Elizaveta mendengus "Apa untungnya itu bagiku? Untuk diperlakukan sebagai negara musuh yang kalah perang dengan kalian? Terserah. Terima kasih, Ludwig."
Tatapan sang Personifikasi Jerman mengeras seperti besi. "Kuharap setelah ini kau tidak bersikap bodoh dan melakukan kesalahan yang sama, karena jika hal serupa terjadi, aku ragu kami masih bisa bersikap lunak, bahkan Roderich pun tidak bisa menolongmu saat itu."
Elizaveta mengerutkan dahi ketika nama mantan suaminya disebut. "Apa maksudmu?"
Ludwig mengambil napas. "Atas usul Roderich, sang Führer mengundang bosmu ke Salzburg, dan sementara mereka bernegosiasi, pasukan Jerman bergerak ke Budapest, kemudian menguasai jantungmu tanpa harus menumpahkan darah yang tidak perlu."
Elizaveta membeku.
Raut wajah Ludwig melembut, namun nyaris terlihat pahit. "Aku tidak pernah bisa mengerti sepupuku, Eliza."
Elizaveta mengangguk. "Aku juga," katanya, suaranya bergetar, namun senyuman perlahan berkembang di wajahnya. "Bagaimana keadaannya?"
Ludwig mendengus. "Masih seperti aristokrat dan ngebos seperti biasanya."

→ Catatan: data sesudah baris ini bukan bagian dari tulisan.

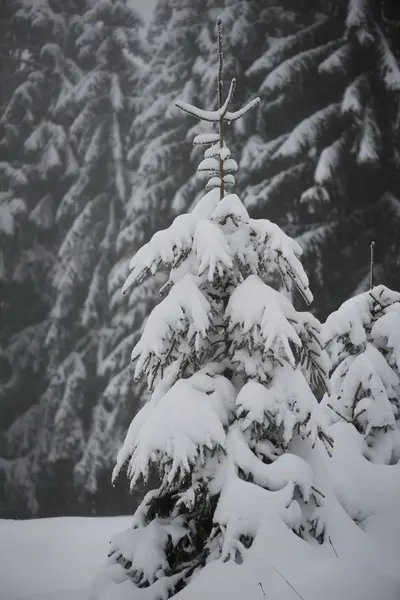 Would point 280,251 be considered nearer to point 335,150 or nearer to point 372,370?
point 372,370

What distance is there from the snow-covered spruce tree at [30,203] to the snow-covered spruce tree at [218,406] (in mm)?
13023

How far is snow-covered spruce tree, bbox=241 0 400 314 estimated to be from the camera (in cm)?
1144

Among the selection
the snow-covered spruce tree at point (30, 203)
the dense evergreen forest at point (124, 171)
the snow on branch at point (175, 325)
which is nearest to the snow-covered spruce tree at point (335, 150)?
the dense evergreen forest at point (124, 171)

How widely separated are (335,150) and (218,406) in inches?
390

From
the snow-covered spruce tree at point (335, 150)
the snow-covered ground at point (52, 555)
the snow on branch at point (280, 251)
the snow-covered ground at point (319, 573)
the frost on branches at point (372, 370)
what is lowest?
the snow-covered ground at point (52, 555)

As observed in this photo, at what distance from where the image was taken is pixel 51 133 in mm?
16766

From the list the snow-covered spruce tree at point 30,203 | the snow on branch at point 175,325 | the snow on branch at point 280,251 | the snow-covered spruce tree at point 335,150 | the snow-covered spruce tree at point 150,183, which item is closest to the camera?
the snow on branch at point 175,325

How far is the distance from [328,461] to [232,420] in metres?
1.54

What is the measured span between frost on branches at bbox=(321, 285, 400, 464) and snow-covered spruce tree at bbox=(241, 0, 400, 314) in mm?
6803

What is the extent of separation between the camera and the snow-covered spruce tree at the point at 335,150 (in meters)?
11.4

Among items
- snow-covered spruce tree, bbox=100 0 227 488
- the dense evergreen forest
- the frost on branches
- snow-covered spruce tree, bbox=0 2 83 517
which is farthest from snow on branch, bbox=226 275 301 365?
snow-covered spruce tree, bbox=0 2 83 517

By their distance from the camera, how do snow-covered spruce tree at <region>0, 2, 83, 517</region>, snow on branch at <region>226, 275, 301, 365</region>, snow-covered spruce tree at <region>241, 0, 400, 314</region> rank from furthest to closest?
snow-covered spruce tree at <region>0, 2, 83, 517</region>, snow-covered spruce tree at <region>241, 0, 400, 314</region>, snow on branch at <region>226, 275, 301, 365</region>

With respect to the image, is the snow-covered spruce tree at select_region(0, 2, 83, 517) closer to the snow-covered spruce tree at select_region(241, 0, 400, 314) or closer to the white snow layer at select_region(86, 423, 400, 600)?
the snow-covered spruce tree at select_region(241, 0, 400, 314)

"Itu terdengar seperti dia. Katakan, apakah dia masih memainkan pianonya?" tanyanya, matanya terpaku kembali ke instrumen musik di seberang ruangan, ke buku musik yang terbuka. Ada nama Liszt di kepala partiturnya.

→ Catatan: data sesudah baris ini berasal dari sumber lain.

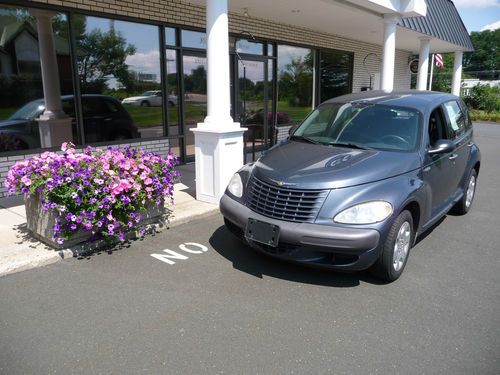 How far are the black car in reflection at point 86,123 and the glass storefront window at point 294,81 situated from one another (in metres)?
4.81

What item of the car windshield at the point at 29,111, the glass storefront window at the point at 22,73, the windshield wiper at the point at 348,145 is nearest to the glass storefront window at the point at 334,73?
the glass storefront window at the point at 22,73

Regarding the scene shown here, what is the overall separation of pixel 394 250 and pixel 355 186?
2.18 feet

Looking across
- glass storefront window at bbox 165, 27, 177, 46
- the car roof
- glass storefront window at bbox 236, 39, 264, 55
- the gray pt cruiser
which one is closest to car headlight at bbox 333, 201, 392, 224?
the gray pt cruiser

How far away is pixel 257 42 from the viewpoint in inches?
400

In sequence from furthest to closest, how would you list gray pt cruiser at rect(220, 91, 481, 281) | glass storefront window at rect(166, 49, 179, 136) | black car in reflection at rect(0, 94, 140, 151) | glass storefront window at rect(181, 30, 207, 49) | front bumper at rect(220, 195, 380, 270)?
glass storefront window at rect(181, 30, 207, 49)
glass storefront window at rect(166, 49, 179, 136)
black car in reflection at rect(0, 94, 140, 151)
gray pt cruiser at rect(220, 91, 481, 281)
front bumper at rect(220, 195, 380, 270)

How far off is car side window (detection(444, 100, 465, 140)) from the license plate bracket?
2.82 m

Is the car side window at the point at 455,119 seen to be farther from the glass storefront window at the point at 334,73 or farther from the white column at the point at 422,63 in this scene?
the white column at the point at 422,63

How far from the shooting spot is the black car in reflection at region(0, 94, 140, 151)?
6.32 metres

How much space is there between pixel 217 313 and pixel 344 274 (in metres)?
1.36

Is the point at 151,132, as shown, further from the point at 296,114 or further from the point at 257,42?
the point at 296,114

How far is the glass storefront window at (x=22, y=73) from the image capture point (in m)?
6.09

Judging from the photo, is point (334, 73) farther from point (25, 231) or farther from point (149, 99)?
point (25, 231)

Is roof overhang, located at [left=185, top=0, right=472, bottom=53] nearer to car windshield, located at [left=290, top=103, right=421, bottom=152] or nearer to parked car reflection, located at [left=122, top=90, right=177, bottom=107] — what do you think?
parked car reflection, located at [left=122, top=90, right=177, bottom=107]

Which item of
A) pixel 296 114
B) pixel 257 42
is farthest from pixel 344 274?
pixel 296 114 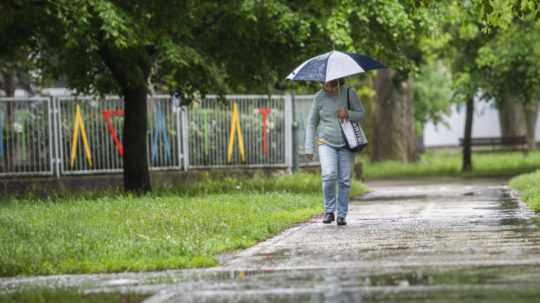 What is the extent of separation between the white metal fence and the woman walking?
438 inches

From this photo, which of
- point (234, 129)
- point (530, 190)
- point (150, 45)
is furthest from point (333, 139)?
point (234, 129)

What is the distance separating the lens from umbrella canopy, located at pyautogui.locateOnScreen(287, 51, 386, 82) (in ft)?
44.6

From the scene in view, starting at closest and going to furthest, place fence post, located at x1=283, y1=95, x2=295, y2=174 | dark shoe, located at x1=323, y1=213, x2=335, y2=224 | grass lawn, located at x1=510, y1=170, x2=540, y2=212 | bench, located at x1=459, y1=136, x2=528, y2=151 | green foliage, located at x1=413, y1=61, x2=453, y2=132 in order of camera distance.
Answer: dark shoe, located at x1=323, y1=213, x2=335, y2=224 → grass lawn, located at x1=510, y1=170, x2=540, y2=212 → fence post, located at x1=283, y1=95, x2=295, y2=174 → bench, located at x1=459, y1=136, x2=528, y2=151 → green foliage, located at x1=413, y1=61, x2=453, y2=132

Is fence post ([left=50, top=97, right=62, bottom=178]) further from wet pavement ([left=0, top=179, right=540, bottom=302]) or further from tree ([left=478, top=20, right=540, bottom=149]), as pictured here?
wet pavement ([left=0, top=179, right=540, bottom=302])

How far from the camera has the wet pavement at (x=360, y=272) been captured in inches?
301

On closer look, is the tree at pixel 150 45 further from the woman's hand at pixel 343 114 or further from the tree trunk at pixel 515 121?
the tree trunk at pixel 515 121

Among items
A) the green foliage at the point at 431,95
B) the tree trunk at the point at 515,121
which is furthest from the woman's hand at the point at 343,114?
the green foliage at the point at 431,95

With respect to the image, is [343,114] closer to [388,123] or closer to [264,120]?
[264,120]

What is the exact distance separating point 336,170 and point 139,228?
8.18 ft

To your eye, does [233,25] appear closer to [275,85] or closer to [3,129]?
[275,85]

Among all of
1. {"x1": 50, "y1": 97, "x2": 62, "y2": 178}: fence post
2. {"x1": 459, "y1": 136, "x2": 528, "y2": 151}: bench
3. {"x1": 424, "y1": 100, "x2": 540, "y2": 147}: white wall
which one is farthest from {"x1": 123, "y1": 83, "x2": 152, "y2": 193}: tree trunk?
{"x1": 424, "y1": 100, "x2": 540, "y2": 147}: white wall

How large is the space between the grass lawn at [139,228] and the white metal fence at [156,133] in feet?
20.3

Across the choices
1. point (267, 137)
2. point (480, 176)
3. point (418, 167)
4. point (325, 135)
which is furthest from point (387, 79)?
point (325, 135)

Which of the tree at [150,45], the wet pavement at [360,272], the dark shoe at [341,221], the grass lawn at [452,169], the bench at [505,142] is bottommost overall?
the grass lawn at [452,169]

"Ja, ia masih bermain piano. Namun anehnya ia tidak pernah memainkan Chopin lagi. Aku tidak tahu kapan persisnya ia mulai tergila-gila kepada Liszt, dan aku mulai bosan mendengarnya memainkan Hungarian Rhapsody terus-menerus."
Seseorang di luar pintu bangkit dari sandarannya di dinding, menekan kacamatanya ke hidung kemudian mulai melangkah keluar lorong. "Kau tidak harus memberitahunya sebanyak itu, Ludwig," bisik Roderich. Apa yang bisa kulakukan? Ini Hungarian Rhapsody. Ini Liszt. Ini gila. Dan sementara perang mengingatkanku kepada jutaan hal buruk, sonata ini mengingatkanku kepadamu, Eliza, katanya dalam hati.
A/N:
Failed angst is fail orz
Terima kasih sudah baca ^^.
Footnote:
[I] Ketika anschluss (penyatuan Jerman dan Austria di bawah kuasa Hitler pada tahun 1938, yang menyebabkan lenyapnya Austria sebagai sebuah negara), Ostmark adalah sebutan Nazi untuk Austria hingga 1942, ketika akhirnya diberi nama lagi menjadi 'Alpen-Donau-Reichsgau' yang entahlah apa artinya itu / eh.